The mythos of ‘multiculturalism’ is something that liberally minded individuals – such as myself – tend to take for granted. In the United States, where my wife is from, liberals can become pathological in their defence of it. But if we take up the floorboards of this idea, as Mary Midgley suggests is a philosopher’s task, we’d have fewer reasons to celebrate our ‘tolerance’, since the unacknowledged baggage of a multicultural society is an arrogant faith in our own correctness. It is only because we have faith in rational truths that everyone is obligated to accept that we graciously allow others to have their own beliefs. Beneath the warm mask of compassion that multiculturalism likes to wear is a vast and condescending gulf. We are proud to share Britain with Muslims, Hindus, Sikhs, and Buddhists – as long as they accept the rational restraints we put upon them.

Since at least the time of Kant, and arguably as far back as Aristotle, the foundation of morality has been envisioned as rationality.
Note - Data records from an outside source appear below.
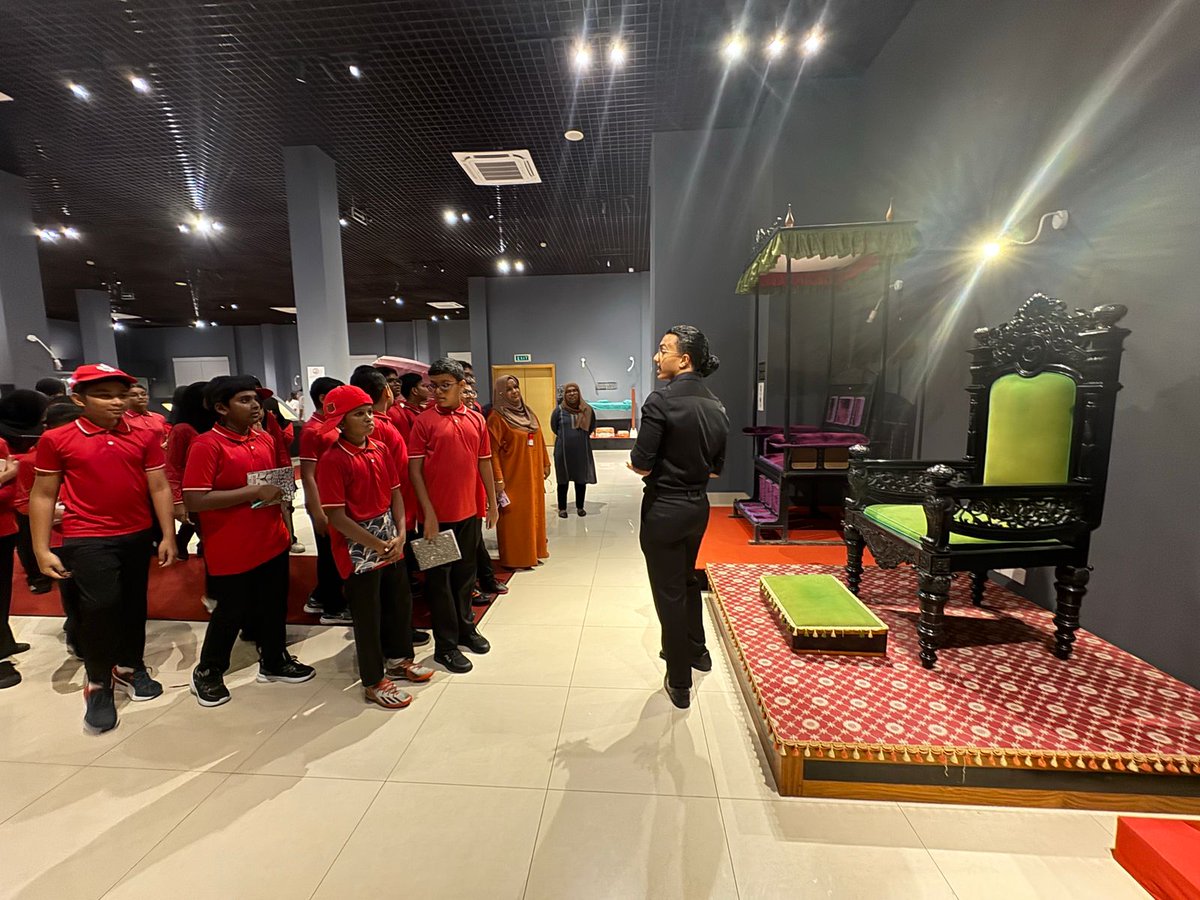 މަޖީދިއްޔާ ސްކޫލްގެ ގްރޭޑް 6ގެ ދަރިވަރުން މި މަހުގެ 17 އަދި 18 ގައި ޤައުމީ ދާރުލްއާސާރަށް ކުރި ޒިޔާރަތުގެ ތެރެއިން.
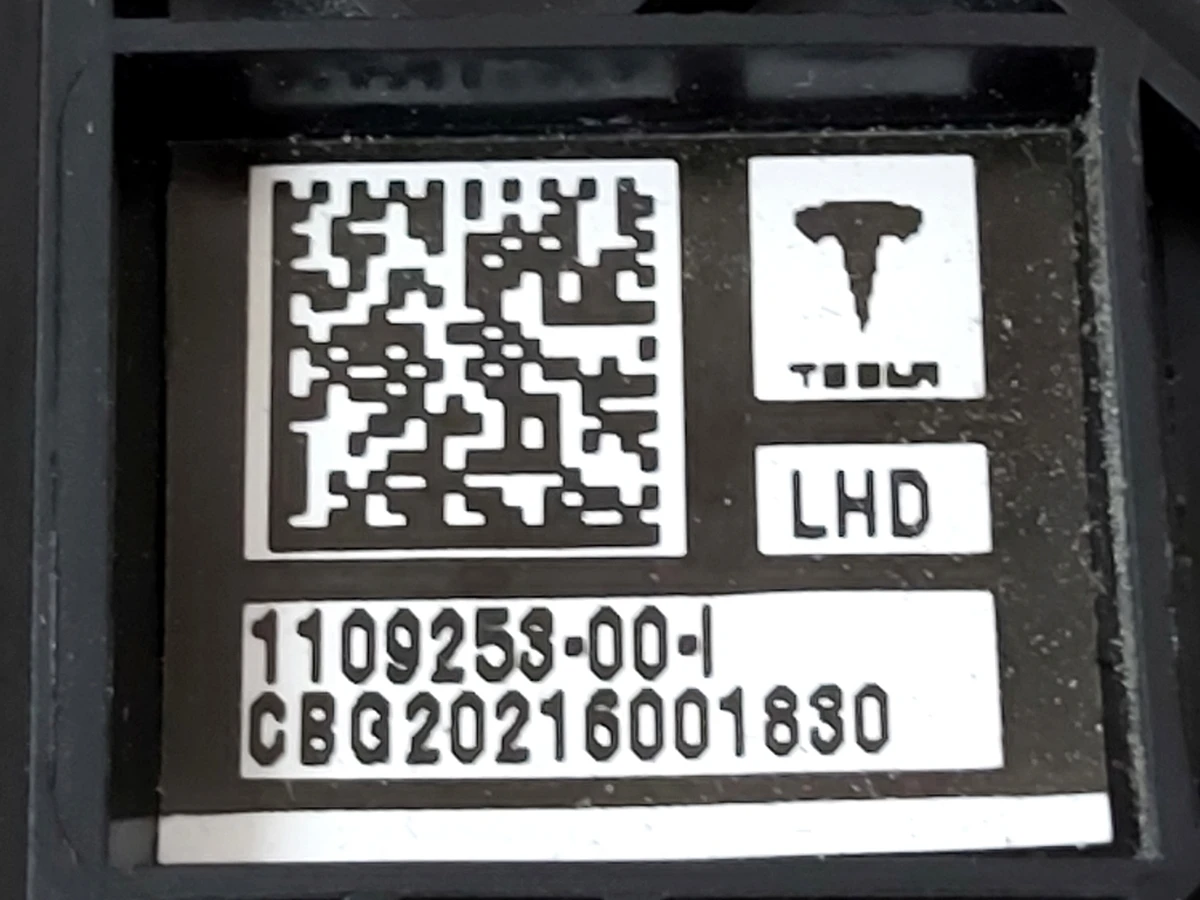 6 Накладка стійки B зовнішня ліва (скло) з камерою Tesla Model 3 1109253-00-I, 1109253-00-J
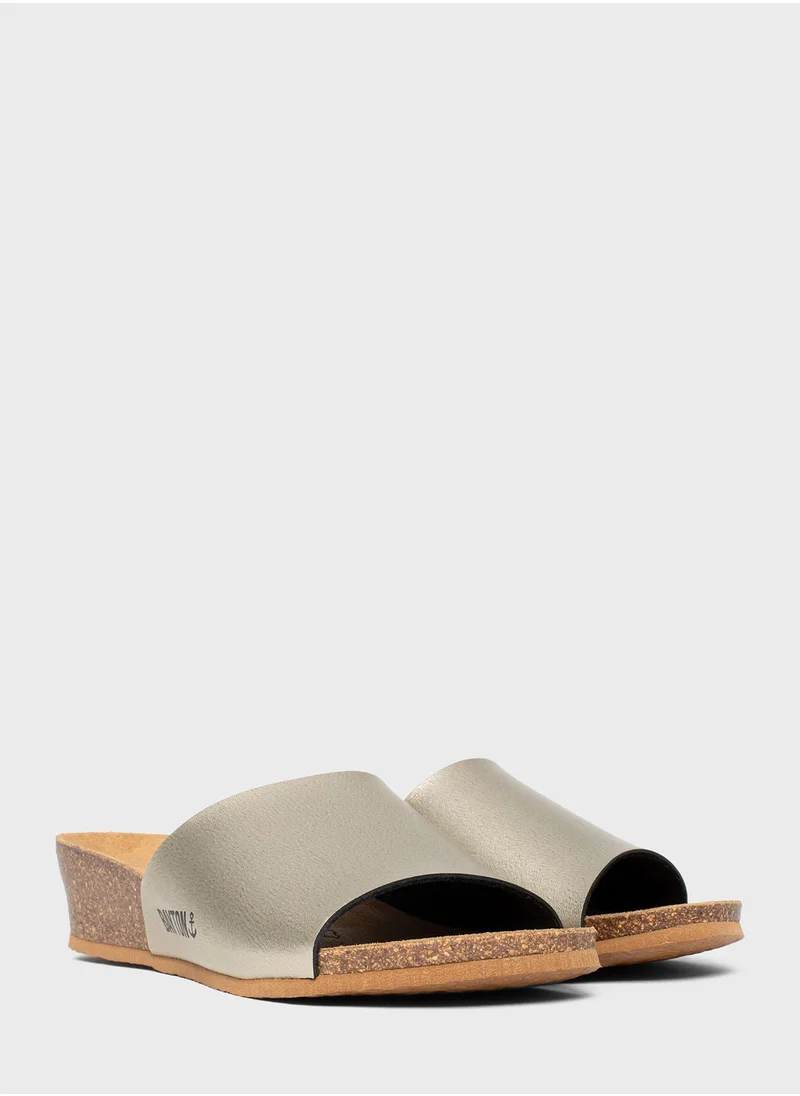 بيتون Ventura One Strap Wedge Sandals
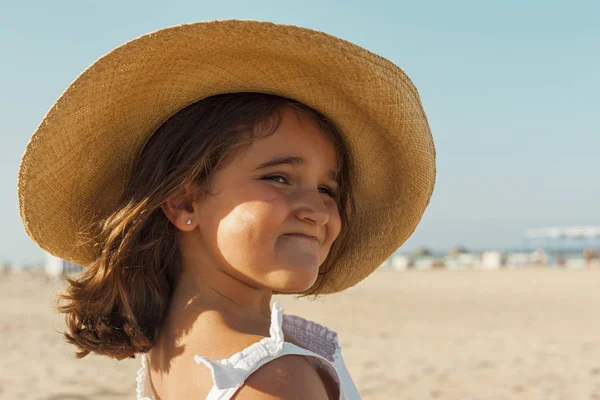 Chiudere sorridente ragazza indossa cappello di vimini in estate. Schienale da spiaggia — Foto Stock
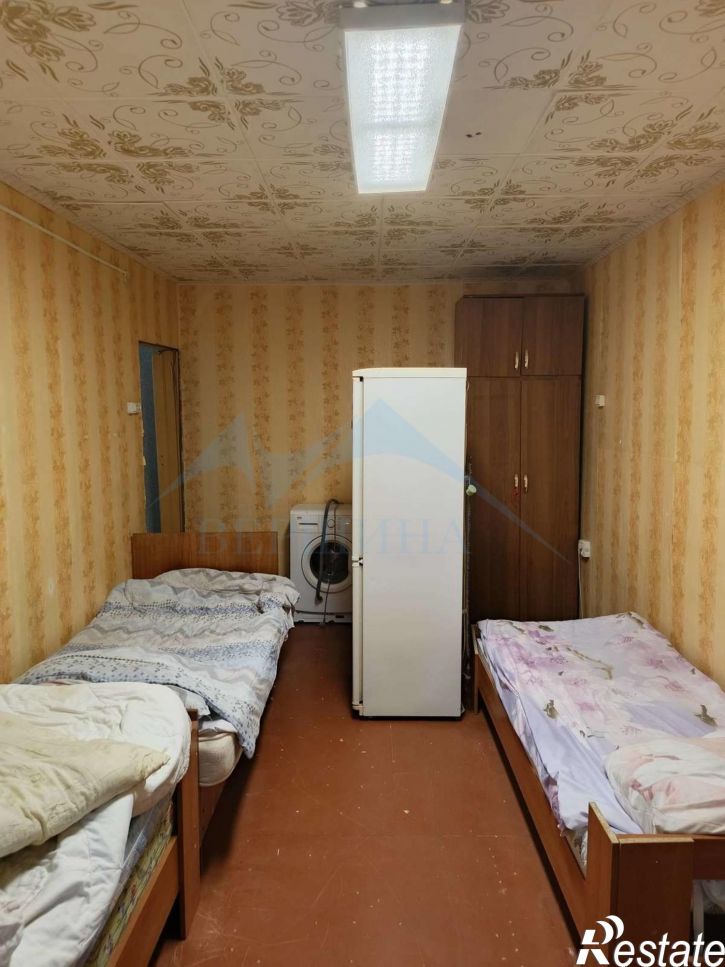 3-комн квартира Орджоникидзе улица,6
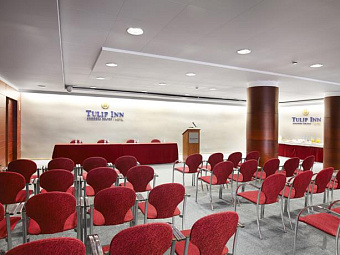 Отель TULIP INN ANDORRA DELFOS HOTEL 4*
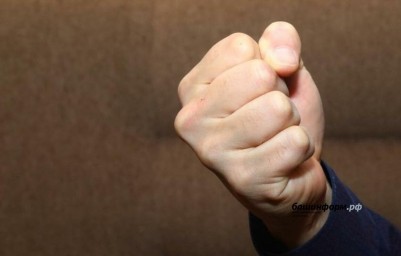 В Башкирии молодые люди ворвались в дом и избили знакомого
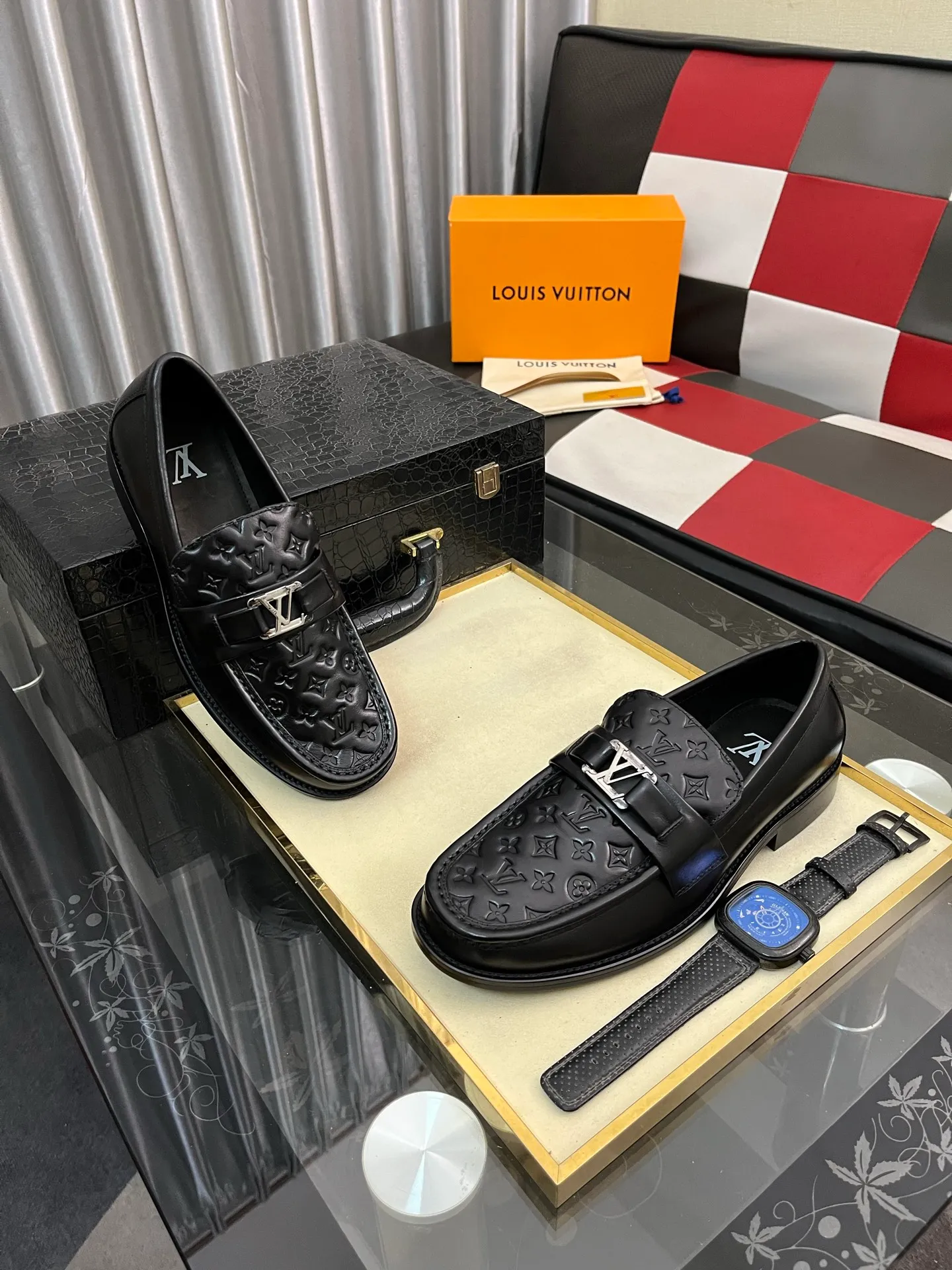 Men's Men's Shoes Men's Men's Shoes 💰520⌚️⌚️[LV] The most popular classic Louis Vuitton leather shoes. Synchronized with the official website, the upper adopts Italian imported upper embossing➕comfortable cowhide lining, fashionable atmosphere, unique brand and unique craftsmanship. Highlighting the hot style of the new year. Stop hesitating, stop wandering, get it now. Code number: 38--44. 3️⃣colors available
It was Kant who developed this idea along rigorous lines that led, eventually, to the creation of Human Rights statues at the end of World War II. The terming of these ground-breaking statutes as ‘Universal’ in the 1948 Universal Declaration of Human Rights is thoroughly rooted in Kant’s idea that rationality can legislate universal laws of morality – conceptual statutes that are universal precisely because they are rational, and thus binding for all rational beings. Along parallel historical lines, Kant also gave us the split into objectivity and subjectivity – and along with it the division of academic subjects into sciences and arts. Indeed, it is only because of a faith in objective perspective, a debt Western philosophy owes to Plato, that universal law is in any way plausible: if there were not objective standards of right and wrong, how could we possibly legislate anything with a claim to universality?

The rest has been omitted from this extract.